Podworks’ countermotion was granted on May 29, a mere two weeks after it was filed. The court concluded that, due specifically to the test results submitted by Werth, “Headspace may not have exercised the required control over quality necessary to establish trademark rights through use by a licensee.”

This is all great news for Werth, even if he hasn’t won the entire case yet, but the real news here is that pesticides are a way bigger deal than previously thought. While the presence of pesticides in legal cannabis products is already a massive consumer safety issue, this case is the tip of an iceberg’s worth of business liability. Certainly, losing consumer confidence over pesticides can cost cannabis companies a great deal of money — Ionic’s sales plummeted from $332,000 in November 2018 to a little under $13,000 in February 2019, after failing two rounds of OK Cannabis testing, according to 502data.com — but so can losing lawsuits. In a market as competitive as Washington’s, a trademark is no laughing matter.

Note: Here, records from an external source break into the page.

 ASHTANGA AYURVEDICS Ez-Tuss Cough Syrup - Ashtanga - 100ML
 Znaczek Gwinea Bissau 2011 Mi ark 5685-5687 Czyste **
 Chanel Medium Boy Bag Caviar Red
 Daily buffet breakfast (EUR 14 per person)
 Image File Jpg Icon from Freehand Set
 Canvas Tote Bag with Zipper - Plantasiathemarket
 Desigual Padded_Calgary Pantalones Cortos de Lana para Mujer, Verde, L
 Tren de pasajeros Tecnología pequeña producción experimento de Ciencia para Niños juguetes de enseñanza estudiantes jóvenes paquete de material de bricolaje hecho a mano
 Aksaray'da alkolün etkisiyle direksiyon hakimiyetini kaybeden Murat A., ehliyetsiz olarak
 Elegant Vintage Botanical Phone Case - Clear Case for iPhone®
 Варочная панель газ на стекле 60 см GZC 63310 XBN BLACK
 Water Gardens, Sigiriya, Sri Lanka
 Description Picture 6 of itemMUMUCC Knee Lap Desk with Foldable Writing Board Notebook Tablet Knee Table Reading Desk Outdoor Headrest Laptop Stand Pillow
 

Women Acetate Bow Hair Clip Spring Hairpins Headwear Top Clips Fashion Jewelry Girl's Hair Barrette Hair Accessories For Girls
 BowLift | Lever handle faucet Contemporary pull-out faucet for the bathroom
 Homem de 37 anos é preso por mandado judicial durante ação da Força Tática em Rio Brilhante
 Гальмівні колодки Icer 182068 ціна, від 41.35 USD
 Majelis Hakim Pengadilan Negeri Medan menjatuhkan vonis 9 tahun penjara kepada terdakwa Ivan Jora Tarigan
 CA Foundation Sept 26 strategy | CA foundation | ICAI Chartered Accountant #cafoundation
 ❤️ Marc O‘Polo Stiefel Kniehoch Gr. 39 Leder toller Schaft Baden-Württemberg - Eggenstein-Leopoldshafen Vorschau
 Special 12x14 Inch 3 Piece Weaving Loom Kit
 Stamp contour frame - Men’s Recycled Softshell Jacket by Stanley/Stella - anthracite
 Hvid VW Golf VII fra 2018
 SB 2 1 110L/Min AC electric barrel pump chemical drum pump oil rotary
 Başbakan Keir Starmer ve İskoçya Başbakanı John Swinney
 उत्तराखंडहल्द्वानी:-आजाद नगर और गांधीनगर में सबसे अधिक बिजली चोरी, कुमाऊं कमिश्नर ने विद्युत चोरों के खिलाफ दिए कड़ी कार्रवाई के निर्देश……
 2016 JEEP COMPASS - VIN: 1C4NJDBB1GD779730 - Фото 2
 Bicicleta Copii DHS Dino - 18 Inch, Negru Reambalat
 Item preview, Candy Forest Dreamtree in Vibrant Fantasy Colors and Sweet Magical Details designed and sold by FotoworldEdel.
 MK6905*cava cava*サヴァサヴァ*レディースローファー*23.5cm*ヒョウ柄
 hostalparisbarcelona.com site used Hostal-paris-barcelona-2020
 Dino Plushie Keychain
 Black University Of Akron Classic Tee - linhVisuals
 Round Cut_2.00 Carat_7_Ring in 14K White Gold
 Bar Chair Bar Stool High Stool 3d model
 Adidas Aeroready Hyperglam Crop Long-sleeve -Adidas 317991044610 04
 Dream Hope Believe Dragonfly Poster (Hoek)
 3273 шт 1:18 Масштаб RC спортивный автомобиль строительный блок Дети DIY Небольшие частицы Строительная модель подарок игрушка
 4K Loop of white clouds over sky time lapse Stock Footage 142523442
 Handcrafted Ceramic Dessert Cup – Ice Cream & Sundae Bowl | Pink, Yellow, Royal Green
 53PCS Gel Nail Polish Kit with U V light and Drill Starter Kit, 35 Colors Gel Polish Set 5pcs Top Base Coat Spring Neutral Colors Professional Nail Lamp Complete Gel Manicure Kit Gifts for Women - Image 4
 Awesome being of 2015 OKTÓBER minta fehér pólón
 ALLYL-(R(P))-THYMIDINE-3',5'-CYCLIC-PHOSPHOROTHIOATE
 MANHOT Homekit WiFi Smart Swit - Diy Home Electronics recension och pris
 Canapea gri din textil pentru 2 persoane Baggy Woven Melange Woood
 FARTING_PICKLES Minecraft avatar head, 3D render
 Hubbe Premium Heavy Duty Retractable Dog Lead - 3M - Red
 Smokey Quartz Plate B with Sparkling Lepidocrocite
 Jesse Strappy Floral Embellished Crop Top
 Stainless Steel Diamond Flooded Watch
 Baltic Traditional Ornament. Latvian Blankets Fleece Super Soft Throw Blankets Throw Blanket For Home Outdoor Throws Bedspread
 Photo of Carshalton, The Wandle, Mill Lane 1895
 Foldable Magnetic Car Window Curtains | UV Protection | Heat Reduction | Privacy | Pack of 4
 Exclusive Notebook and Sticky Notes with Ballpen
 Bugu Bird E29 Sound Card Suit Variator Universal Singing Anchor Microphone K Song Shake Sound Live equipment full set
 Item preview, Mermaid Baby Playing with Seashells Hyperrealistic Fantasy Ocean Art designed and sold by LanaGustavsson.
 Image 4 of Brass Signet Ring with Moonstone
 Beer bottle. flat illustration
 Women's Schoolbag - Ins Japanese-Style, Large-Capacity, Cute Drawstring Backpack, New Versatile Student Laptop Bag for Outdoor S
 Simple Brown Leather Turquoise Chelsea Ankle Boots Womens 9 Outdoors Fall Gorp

There’s also the matter of business insurance, which frequently requires policyholders to warrant that they’ve taken steps to assure the quality of their products, including pesticide testing. That’s its own iceberg, but suffice to say that it is entirely within reason for an insurance company to refuse to cover a business in the case of a pesticide-driven loss if that business didn’t take steps to test their products.

While it might be too much to hope for that the new crop of interstate, IPO-obsessed cannabis companies would pesticide test products out of the goodness of their hearts, cases like this are pretty good news for consumers.

Companies as well capitalized as Headspace have always been able to afford to test, they just haven’t had a financially compelling reason to. Now, however, they might not be able to afford not to.